Turns out I'm not alone in this, as the opening scene in the documentary Babies, starts out exactly the same way, but with two little boys in Africa. Somehow it was just so darn funny and resonated so deeply to see two children behaving the same way as mine, but in a different culture, climate and clothing.
The movie follows four babies from birth to walking. Two rural (Mongolia and Africa) + two city babies (San Francisco and Tokyo). Oddly enough I had the littlest in common with the San Francisco baby and couldn't relate at all, whereas I felt like our little micro society up here most resembled the African family. Right down to the lack of clothing (on my boys...I do wear clothes) and the personalities and family dynamics.

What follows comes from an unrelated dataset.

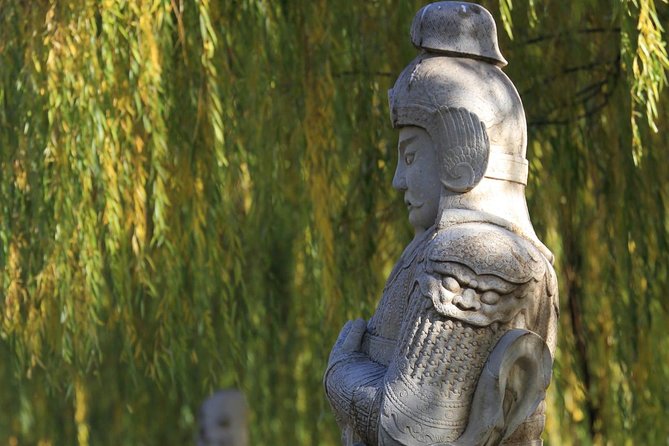 Boutique Tour: Juyongguan, Sacred Way and Dingling of Ming Tombs - Should you book the Juyongguan and Ming Tombs tour?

I'd heard a lot about this movie, and had been wanting to see it for awhile. Orson Scott Card reviewed it again recently, and rekindled my desire to bask in babyness for an hour or two. So it's probably no surprise that when I sat down to watch it yesterday... I loved it.
I'm not sure what I was expecting, but it both surprised me and fulfilled my expectations. What I did know was that it was beautifully shot. If you like photography as an art form, or are are a photographer yourself, the images are just gorgeous. Every scene almost aches with raw simplicity and beauty, while at the same time stays away from feeling contrived, gimmicky or too manipulated.
In fact, it was so honest feeling that it brings me to what I was not expecting. There is no talking. It's not a silent film and you do hear the soundtrack of the babies lives (the conversations and noises that naturally occured during shooting). But there is no narrator, there's nobody with an agenda telling you statistics about births or babies, or steering you towards hammering point. On the African scenes there is no voice over telling you how horrible it is that there are flies everywhere, nor is there anyone pointing out in a Mongolian scene, that letting your child suck on a piece of fat is not healthy. No one's tsk tsking at the Japanese couple for ignoring their child while she destroys a stack of dvd's and important papers and the San Francisco couple did everything so inanely perfect and detachedly annoying that I'm glad the movie didn't give them a big gold star like most stories tend to do (The SF couple was so politically correct, I didn't even figure out the San Francisco baby was a girl until halfway through the film...shame on me).
The other interesting thing was the perspective from which they shot it. Everything is viewed from the baby's perspective. This helps it be a little more PG than it otherwise would be, as most of the time you just see adults and their ankles, although occaisonally you see slightly more of the African mum than you'd probably like. It's still kept tasteful.
Despite the (refreshing) lack of voice over, and because of the uniqueness of the film. This is 79 minutes of unadulturated, unfiltered baby yumminess. It will fulfill all your need for oohing and awwwing at tiny bundles of incredible cuteness. Babies are amazing little things and if this movie had a point at all, it was to show how resilient they are and how it's pretty hard to screw them up. They were born at the same time, thousands of miles a part, with completely different parents, cultures and values... and yet they all learned to roll over, sit up, crawl and then walk (and roughly at the same times).
Sort of like the old saying about how even celebrities put on their pants one leg at a time. This film is like that, but way prettier and more poetic. ;-) A breath of fresh air if you're a mom, or you just need to get away from the rat race for awhile.